One of the many nice details of the forthcoming “The Stick Chair Book” are the printed “endsheets.” For those of you unfamiliar with the term, endsheets are the papers that are glued to the inside and back cover and the interior pages of the book.
Endsheets can be plain, patterned or printed with cool stuff. Adding printing to your endsheets adds expense, of course. But because I have done all the layout and photography for this book (and most of the illustrations), I have decided to throw some money into making some interesting endsheets.
Ever since I was a kid, I’ve always liked the family tree posters that explore rock ‘n’ roll and other forms of music. And I wanted to do one on chair forms. So I spent about a week sketching out a draft and then asked several furniture history nerds to poke holes in my tree.
Finally, I asked Welsh artist Lee John Phillips to draw the family tree for the endsheets. I was first introduced to Lee’s work by Chris Williams, and I quickly became a huge fan, especially of his quixotic Shed Project. Lee has been working on the drawings off and on for about a month, and he is getting near the end.
Things are looking very cool. So cool, in fact, that I might do a stupid thing and make some letterpress posters of the family tree. (I mean, it has been months since I’ve flushed good money down the potty.)
When we’re done, I’ll show you the whole thing here. Until then, here are some in-process details.
A couple caveats:
- This is a family tree of chair forms (backstools, thrown chairs, ladderbacks), and not chair styles (Chippendale, French Provincial, Late Jerry Style).
- The colors and images shown here are not finished. So that’s why they aren’t consistent.
— Christopher Schwarz
21 thoughts on “The Family Tree of Chairs”
I like it. Is chair #1 a rock and chair #2 a log?
Chair 1 is mom’s lap.
I’ve heard of making a chair from a tree, but this?
Will be an interesting addition to my poster collection
Shut up and take my money!
I hope there will be a branch for the seat of ease, the privy, loo, John, crapper.
Oh, thrown chairs? I think that’s the first time I’ve seen a Bobby Knight reference on this blog.
Very cool! Can’t wait to see it in all its glory!
Very cool, Christopher! I like them!
I’m really looking forward to your new book!
Thanks & Enjoy!
Thanks for the link to Lee John Phillips. He seems like a perfect match.

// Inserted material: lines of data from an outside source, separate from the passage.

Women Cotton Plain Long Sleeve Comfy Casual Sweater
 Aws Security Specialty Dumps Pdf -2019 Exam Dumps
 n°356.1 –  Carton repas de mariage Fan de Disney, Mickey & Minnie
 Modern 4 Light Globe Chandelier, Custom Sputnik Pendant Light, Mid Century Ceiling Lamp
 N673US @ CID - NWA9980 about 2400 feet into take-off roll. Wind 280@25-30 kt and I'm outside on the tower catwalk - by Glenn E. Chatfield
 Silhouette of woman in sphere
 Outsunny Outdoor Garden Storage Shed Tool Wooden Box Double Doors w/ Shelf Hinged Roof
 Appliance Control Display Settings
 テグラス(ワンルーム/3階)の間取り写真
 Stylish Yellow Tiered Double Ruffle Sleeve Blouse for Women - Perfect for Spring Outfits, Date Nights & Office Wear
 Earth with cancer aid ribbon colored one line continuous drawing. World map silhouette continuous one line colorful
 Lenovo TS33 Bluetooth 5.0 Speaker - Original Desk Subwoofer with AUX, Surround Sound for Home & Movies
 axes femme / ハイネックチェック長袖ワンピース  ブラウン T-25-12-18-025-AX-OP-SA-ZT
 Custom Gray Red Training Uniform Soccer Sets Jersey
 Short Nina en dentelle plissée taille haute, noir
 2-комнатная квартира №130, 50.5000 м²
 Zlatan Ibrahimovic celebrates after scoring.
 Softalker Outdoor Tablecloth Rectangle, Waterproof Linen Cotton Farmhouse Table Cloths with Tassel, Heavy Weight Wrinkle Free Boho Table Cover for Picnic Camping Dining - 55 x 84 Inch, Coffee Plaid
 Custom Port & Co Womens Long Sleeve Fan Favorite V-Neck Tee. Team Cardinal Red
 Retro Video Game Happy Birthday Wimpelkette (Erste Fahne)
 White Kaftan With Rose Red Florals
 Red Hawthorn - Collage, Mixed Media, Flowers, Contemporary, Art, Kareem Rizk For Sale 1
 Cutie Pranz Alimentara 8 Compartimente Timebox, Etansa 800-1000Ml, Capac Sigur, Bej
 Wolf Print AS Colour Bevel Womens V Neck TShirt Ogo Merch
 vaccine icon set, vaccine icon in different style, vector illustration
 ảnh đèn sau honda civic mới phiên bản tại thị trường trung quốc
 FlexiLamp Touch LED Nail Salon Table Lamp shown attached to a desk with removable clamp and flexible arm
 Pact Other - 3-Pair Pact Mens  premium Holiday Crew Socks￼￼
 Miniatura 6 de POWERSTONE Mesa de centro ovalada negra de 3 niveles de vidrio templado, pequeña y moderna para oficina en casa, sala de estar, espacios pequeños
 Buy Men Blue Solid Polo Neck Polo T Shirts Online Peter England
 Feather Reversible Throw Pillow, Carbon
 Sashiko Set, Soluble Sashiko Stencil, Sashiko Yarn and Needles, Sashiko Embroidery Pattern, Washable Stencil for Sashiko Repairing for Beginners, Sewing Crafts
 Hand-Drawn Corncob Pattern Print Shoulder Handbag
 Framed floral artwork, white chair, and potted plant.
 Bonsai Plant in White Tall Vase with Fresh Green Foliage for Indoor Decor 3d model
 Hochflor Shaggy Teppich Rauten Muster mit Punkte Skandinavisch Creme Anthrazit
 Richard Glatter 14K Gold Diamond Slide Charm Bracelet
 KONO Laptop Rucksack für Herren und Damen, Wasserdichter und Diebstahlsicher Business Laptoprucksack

I’m inspired to dig up my old Rapidograph pens! I’d prefer a bandana with his artwork. I’ve run out of wall space for posters.
Egads. Twenty-nine looks like an Adirondack chair. Shirley, the Adirondack chair is a red-leafed step shrub?!?
And, no, I don’t know who Shirley is.
That is the first Adirondack. A very important branch on the tree when it comes to “boarded furniture.”
The poster is a great idea even though I have enough posters and prints to fill an abandoned subway!
A very neglected variety of chairs are the ones used in movies that break apart when busted over someone’s head. Designed to fail under a certain condition. It’s just amazing.
These would make awesome stickers.
Good idea. The drawings look great!
This has got my credit card quivering.
These endpapers are absolutely wonderful. I first became interested in Lost Art Press when I heard that you produce books here in the States, from start to finish. That alone was enough to hook me. But once I saw a few of your titles, my regard for you went through the roof. The sheer delight in book making that your diverse, artful book designs express — not only through such handsome commissioned work by artists, but through your selection of particular papers, fonts, and jacket designs — have enriched my life. And I haven’t even mentioned your titles’ educational, inspiring, and mind-expanding content. I am ridiculously honored to count myself among your authors. So grateful for all that you do.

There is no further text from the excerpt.